A localização do evento, “on Broadway”, não deve ser confundida com a mitologia dos palcos recheados de adereços feéricos e esplendorosas imitações dos musicais de Hollywood (aliás, em boa verdade, foi o contrário que aconteceu: o cinema americano das décadas de 40/50 colheu o essencial da sua inspiração nos palcos dessa zona de Nova Iorque que é o centro da indústria teatral “made in USA”). O que, em qualquer caso, não exclui um dado essencial: dirigido por Thom Zimny, este é o registo de um espectáculo que Bruce Springsteen manteve no Teatro Walter Kerr, entre outubro de 2017 e dezembro de 2018, num total de 236 performances.

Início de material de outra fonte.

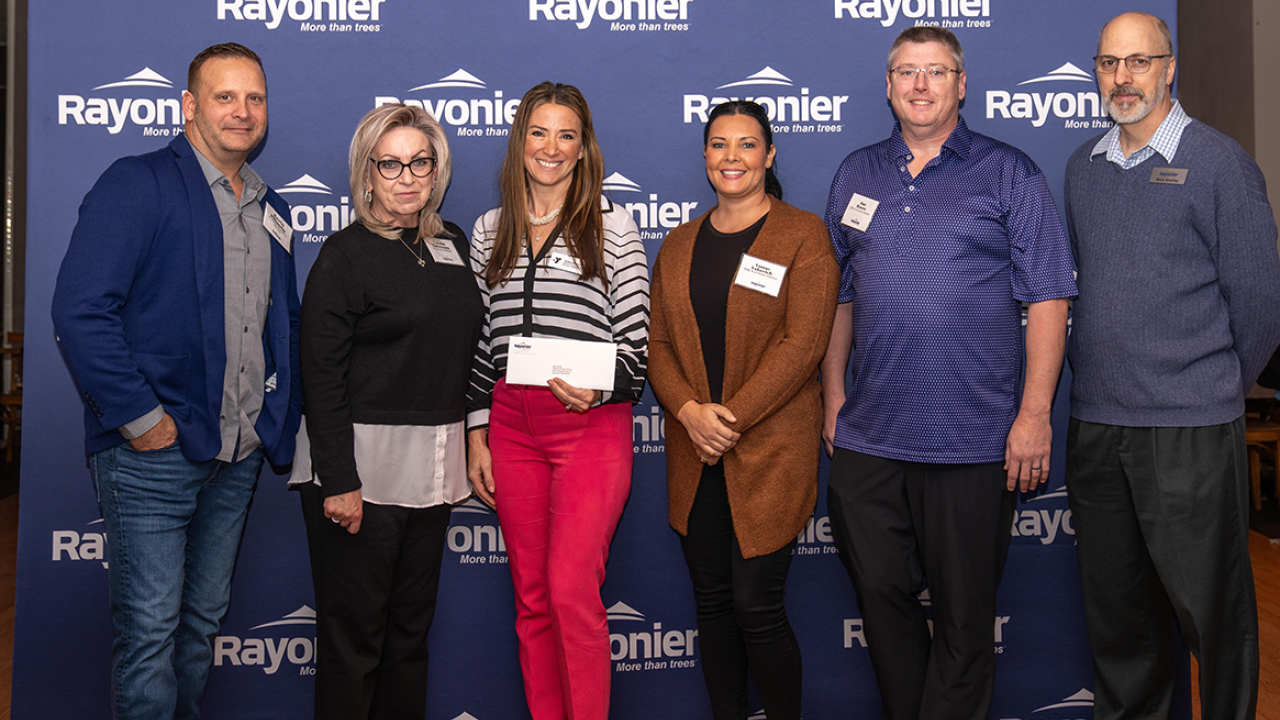 Six people standing together, one holding a check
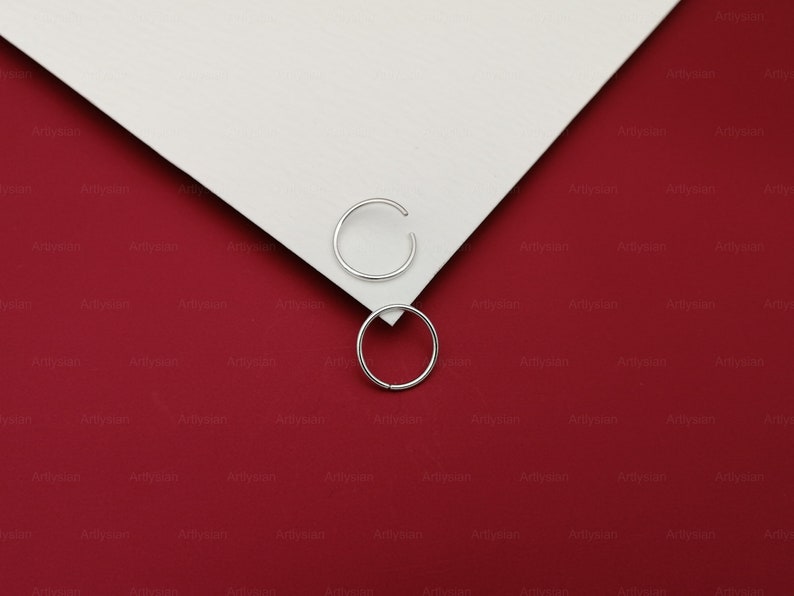 May include: Two silver hoop earrings on a red and white background.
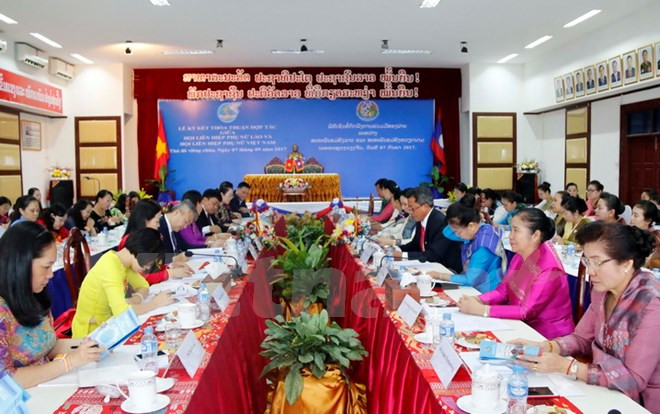 越老建交55周年：越老两国妇联加强合作 ảnh 1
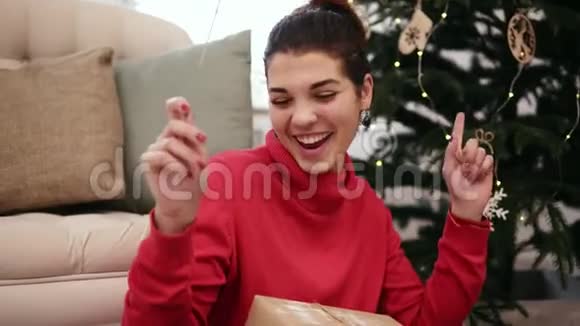 微笑友好迷人的年轻女子坐在圣诞树旁用火花和火花庆祝圣诞节视频的预览图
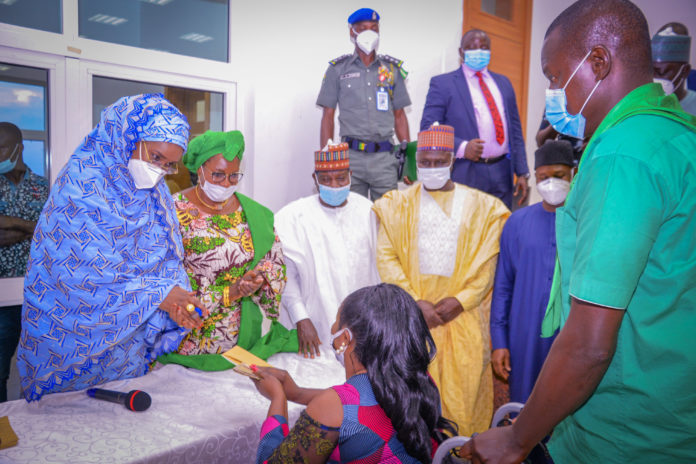 FMHADMSD (L-R) The Honourable Minister of Humanitarian Affairs, Disaster Management and Social Development, Sadiya Umar Farouq, The Honourable Minister of Women Affairs, Dame Paulline Tallen, The Executive Governor of Pleatue State, His Excellence Simon Bako Lalong, The Chairman House Committee on Poverty Alliviation, Muhammed Salome, The Director General of NEMA, AVM, Muhammadu Mohammed. rtd, during the flag off for disbursement of the Conditional Cash Transfer to the vulnerable to mark The International Day for Rural Women at the Pleatue State Government House on, October, 15th 2020.
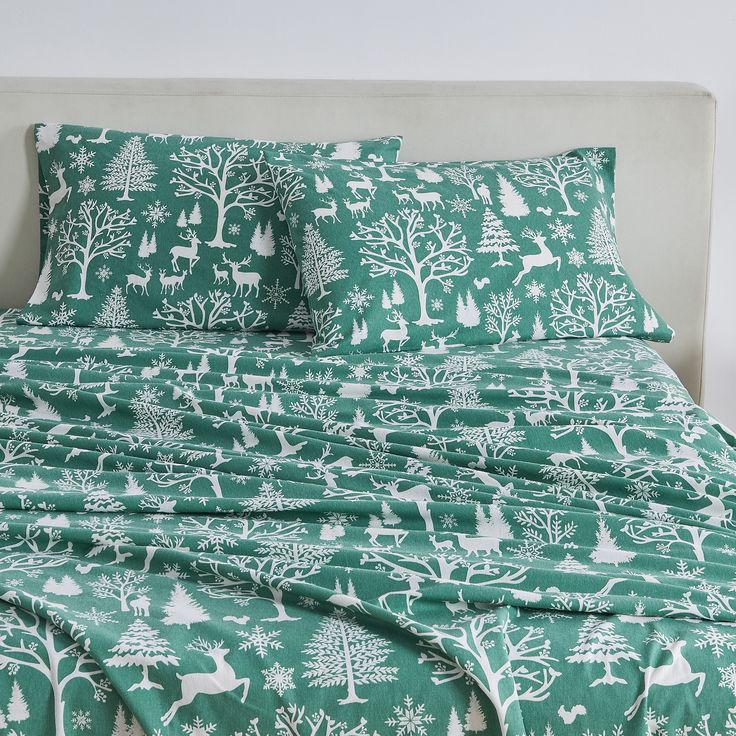 a bed covered in green and white christmas themed sheets with deer, trees, and snowflakes on them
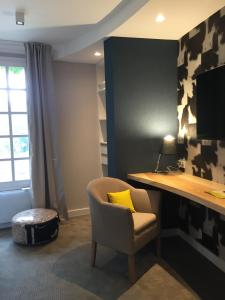 a office with a chair and a desk with a yellow pillow at Logis Auberge De La Riviere in Velluire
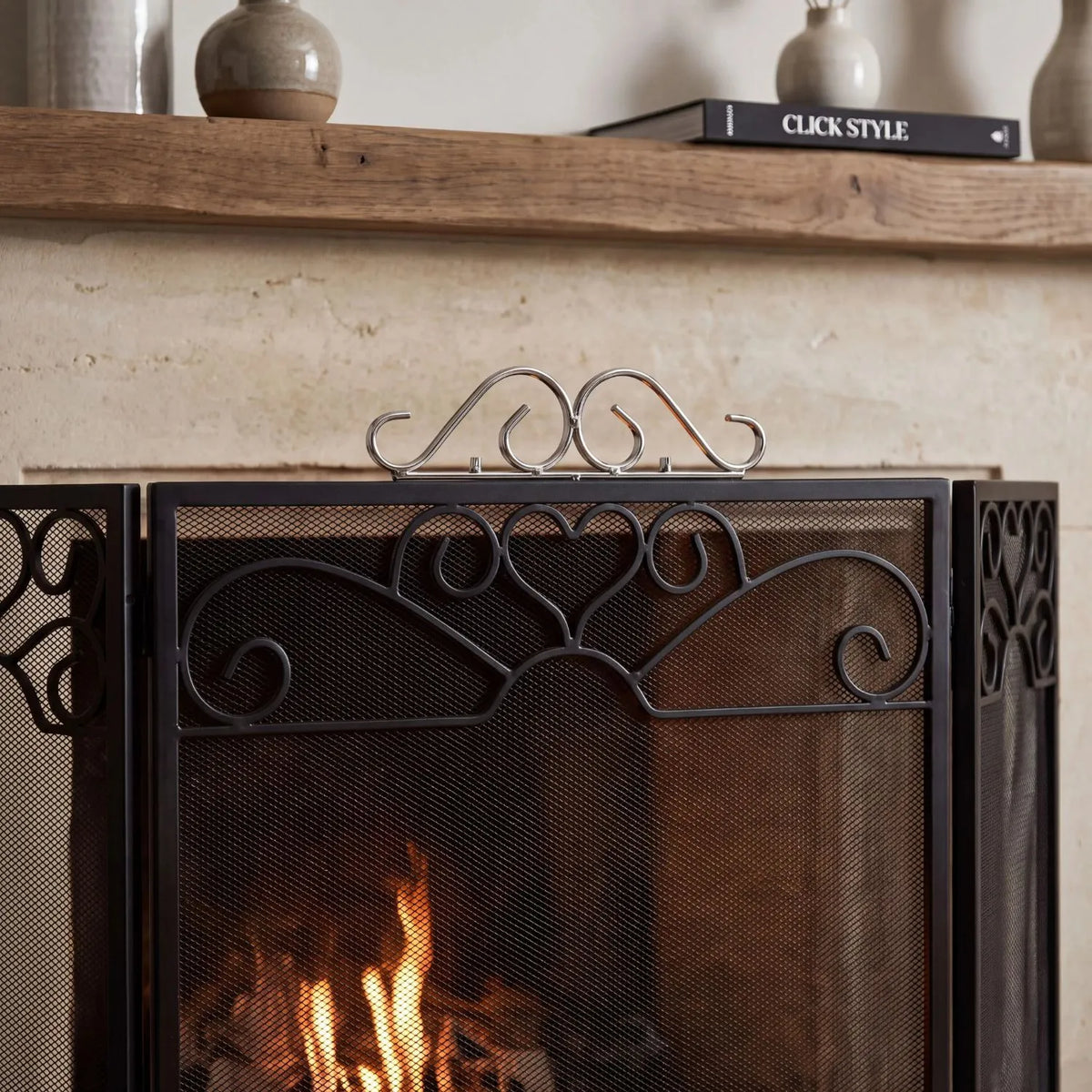 Black & Chrome 3 Panel Folding Firescreen with Decorative Scrollwork – Metal Fireplace Fire Guard 65x98x23cm close-up showing chrome top, black scrollwork and mesh | Click Style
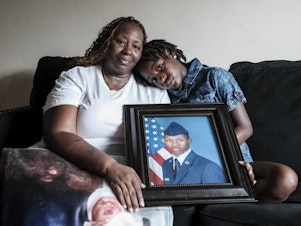 caption: Chantemekki Fortson, mother of Roger Fortson, a U.S. Air Force senior airman, holds a photo of her son.
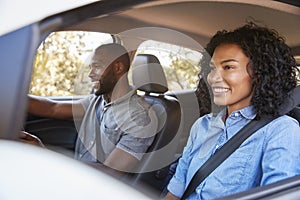 Young black couple in car on a road trip look ahead smiling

O que, realmente, surpreende é a extrema solidão do protagonista: são duas horas e meia (fascinantes!) de Springsteen em palco, uma guitarra, um piano, e apenas durante alguns minutos a companhia de sua mulher, Patti Scialfa. Estamos perante um exercício confessional, em muitos aspectos concebido como uma derivação teatral da autobiografia Born to Run (edição portuguesa: Elsinore, 2016).
Os títulos de algumas das canções podem ajudar. Assim, usando apenas traduções literais, lembremos que Springsteen canta coisas como “Crescer”, “A Minha Cidade Natal”, “A Terra Prometida”, “Nascido nos EUA”, “Terra de Esperança e Sonhos”, etc. Dito de outro modo: dos tempos heróicos do álbum de estreia, Greetings from Asbury Park, N. J. (1973), até registos mais recentes como The Rising (2002) ou Western Stars (2019), a obra musical daquele que conquistou o cognome de “The Boss” cruza-se, confunde-se e, de alguma maneira, reinventa-se através das suas vivências mais pessoais, por vezes mais secretas.
O que, entenda-se, não se esgota na imagem redentora do “trovador” que vem cantar alegrias e traumas do seu país. Claro que há uma dimensão de testemunho muito pessoal que sempre existiu no compositor e cantor de Born in the USA, verdadeiro hino identitário que é (também) uma desencantada evocação da guerra do Vietname. Ao mesmo tempo, Springsteen não se acomoda no estatuto de “herói” que nunca foi. Diz mesmo, num misto de objectividade e ironia: “Nunca pus os pés numa fábrica, mas só escrevo sobre isso”.
Daí a singularidade dramática deste concerto valorizado pela sóbria filmagem de Zimny. Ele é, há muitos anos, um colaborador essencial no registo de concertos e telediscos de Springsteen: os dois repartiram a assinatura da realização de Western Stars (2019), dedicado às canções do álbum homónimo (disponível nos canais TVCine). Sem ceder à tentação de se limitar a interpretar um “best of” dos seus álbuns, Springsteen afirma-se como um verdadeiro homem de palco, exemplar na arte de dizer palavras muito pensadas, afinal partilhando connosco um genuíno gosto teatral. O que ilustra uma verdade antiga: somos sempre actores da nossa própria história.